Over six chapters, this thesis explores how to estimate risk-sharing when output is not exogenous. The thesis starts with a survey of the current literature and how it estimates risk-sharing. This survey is then followed by risk-sharing estimations based on a panel of 24 countries over the period of 1970-2007. The estimation approaches applied include the literature's Classical and Level approaches, as well as alternative estimation approaches that provide robust parameter estimates when the literature commonly assumed output exogeneity is dropped. These alternative estimators consist of procedures using instrumental variables ranging from first differenced two-stage least squares, a dynamic generalized method of moments estimation, and an instrumental variables estimation using an instrument derived from a structural vector autoregressive model.

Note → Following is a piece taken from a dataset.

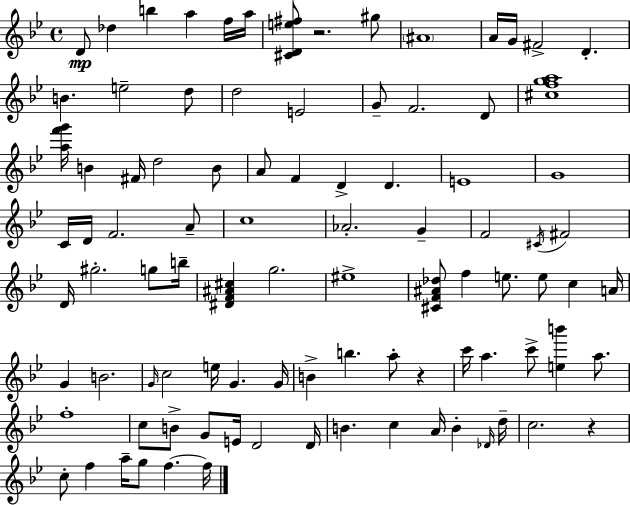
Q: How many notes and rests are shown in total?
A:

Also, a Monte Carlo Simulation is undertaken to show the severity of the bias inherent in the Classical estimation method, as well as to show the performance of the proposed alternative methods. When output is endogenous, the Classical estimation method is found to underestimate risk-sharing, while the best performing alternative approaches are concluded to be the Level approach and the instrumental variables estimation approach using an instrument derived from a structural vector autoregressive model. This thesis contributes to the risk-sharing literature by discussing and quantifying the bias the Classical estimation approach suffers from due to output endogeneity. It also contributes by adapting estimation methods from other fields that allow consistent estimations of risk-sharing parameters in the presence of endogeneity bias, and by analyzing the performance of these asymptotic panel estimators in the specific context of the panel dimensions commonly found in the risk-sharing literature.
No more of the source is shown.